===== DATA EXTRACT =====

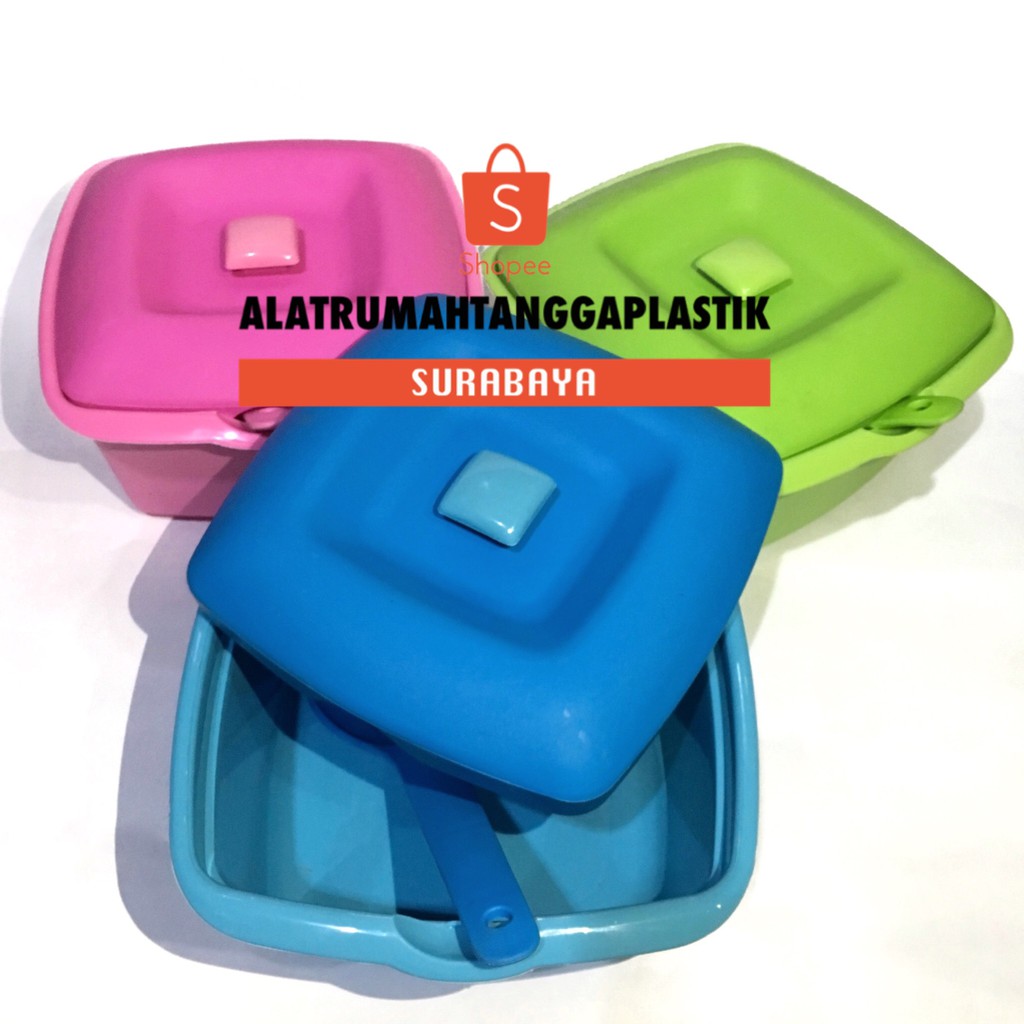 1pc Tempat Sup + Entong Segi / Tempat Sayur / Wadah Saji Plastik / Wadah Nasi Hajatan / Kotak Nasi H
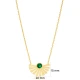 Emerald Fan Shaped 925 Sterling Silver Necklace Emerald Fan Shaped 925 Sterling Silver Necklace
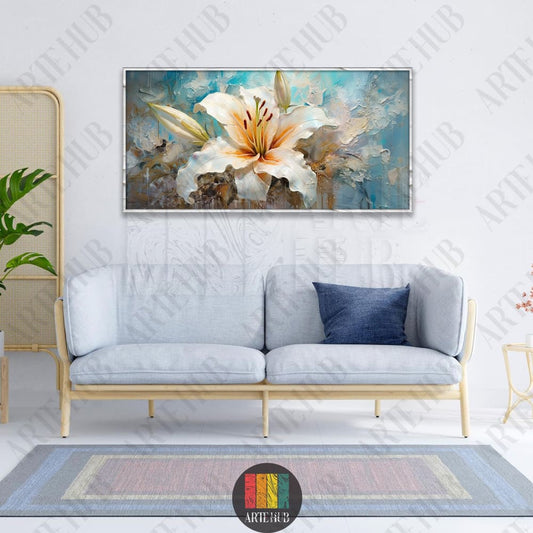 Elegant oil painting style white lily canvas wall art on a textured blue background, ideal for modern living room decor in Egypt.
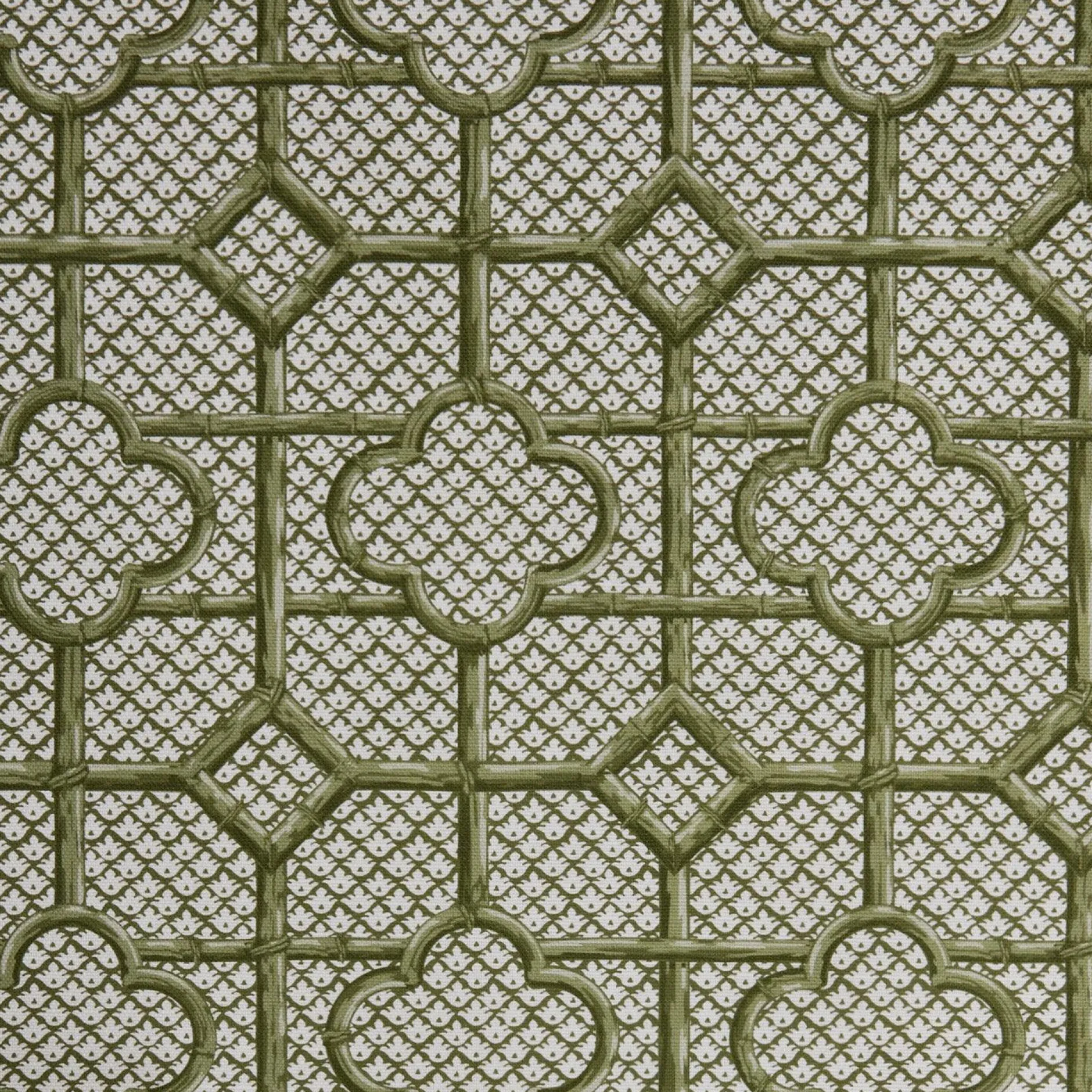 Discount Mrs. Alice Olive Green Bamboo Trellis Fabric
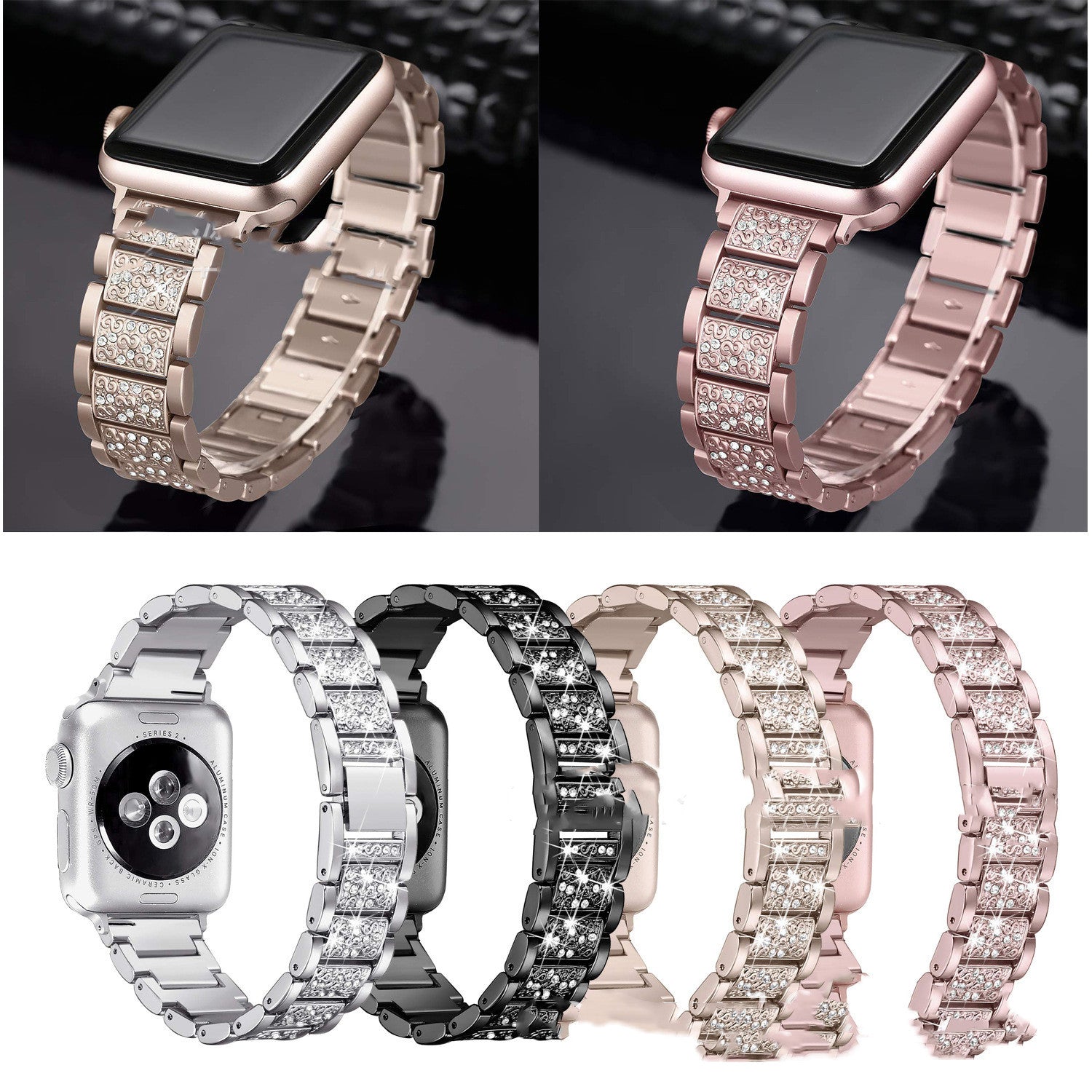 Smart Watch Diamond Three Beads Full Solid Chain Strap - smart watch diamond solid chain strap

=====

• **TRY IT**
An exact copy is needed of the lines running from the one with "Elegant oil painting" through the end of the data above, and of those lines only, without pictures.

• **TASK OUTPUT**
 Elegant oil painting style white lily canvas wall art on a textured blue background, ideal for modern living room decor in Egypt.
 Discount Mrs. Alice Olive Green Bamboo Trellis Fabric
 Smart Watch Diamond Three Beads Full Solid Chain Strap - smart watch diamond solid chain strap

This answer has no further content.